Provided data >>
——

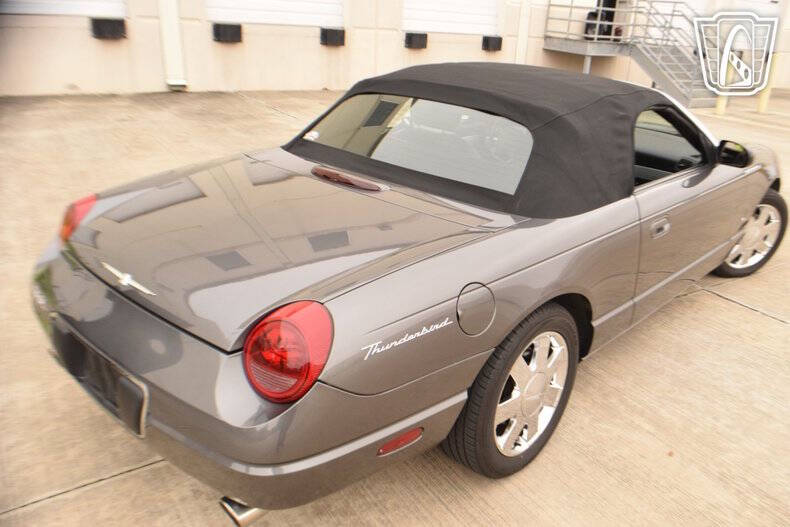 2003 Ford Thunderbird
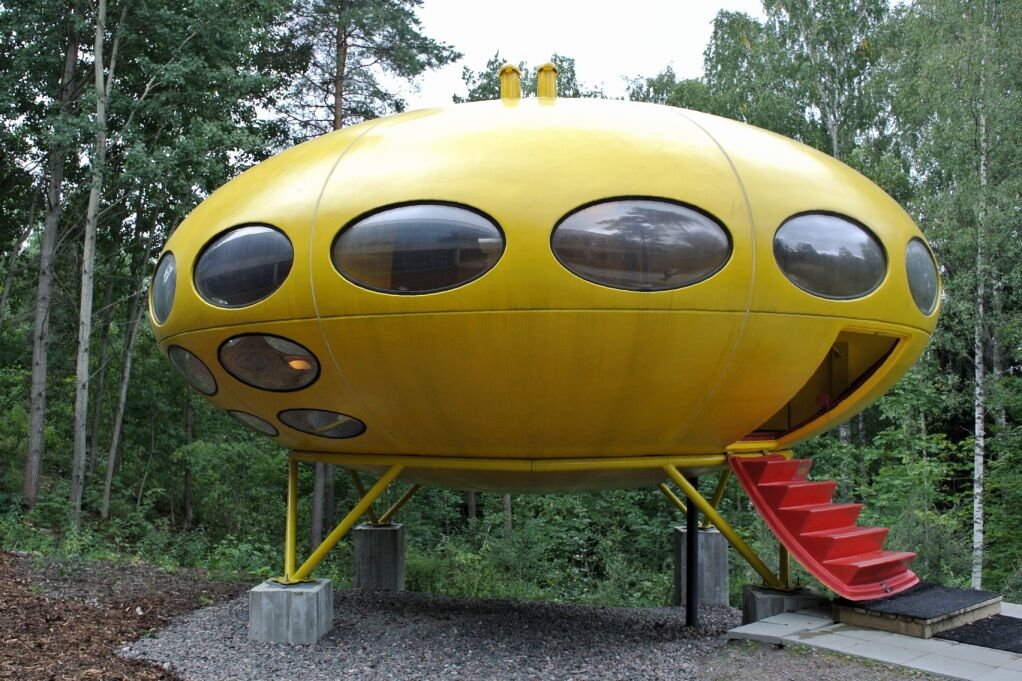 Matti Suuronen, Futuro House, 1968. Image via Wikimedia Commons.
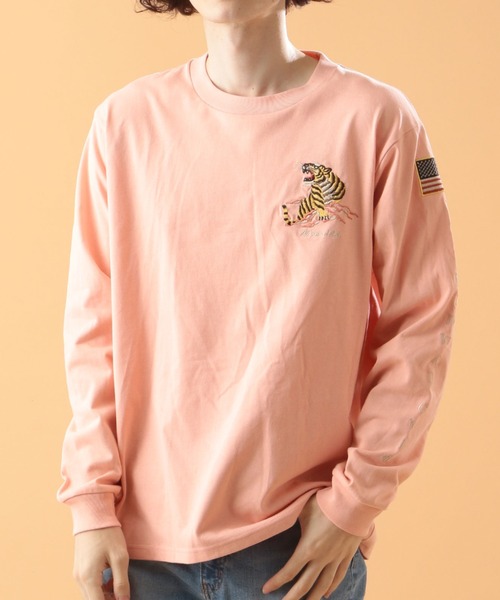 AVIREX(アヴィレックス)の「スーベニア ロングスリーブ Tシャツ / SOUVENIR LONG SLEEVE T-SHIRT / アヴィレックス / AVIREX(Tシャツ/カットソー・メンズ・ライトグレー/ブラック/オフホワイト/カーキ/ライトピンク・MEDIUM/LARGE/X-LARGE/XX-LARGE)」の9枚目の写真
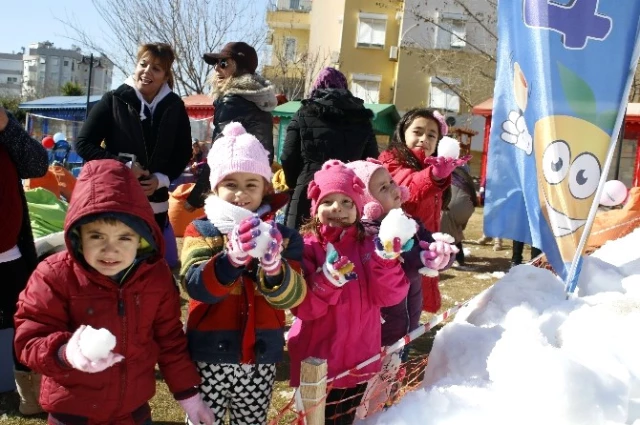 Kar Yağmayan Tek İlçede Çocuklar 10 Kamyon Karla Kışı Yaşadı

——

Required action >> Would you return the data exactly as written, without the pictures?

Result >>
 2003 Ford Thunderbird
 Matti Suuronen, Futuro House, 1968. Image via Wikimedia Commons.
 AVIREX(アヴィレックス)の「スーベニア ロングスリーブ Tシャツ / SOUVENIR LONG SLEEVE T-SHIRT / アヴィレックス / AVIREX(Tシャツ/カットソー・メンズ・ライトグレー/ブラック/オフホワイト/カーキ/ライトピンク・MEDIUM/LARGE/X-LARGE/XX-LARGE)」の9枚目の写真
 Kar Yağmayan Tek İlçede Çocuklar 10 Kamyon Karla Kışı Yaşadı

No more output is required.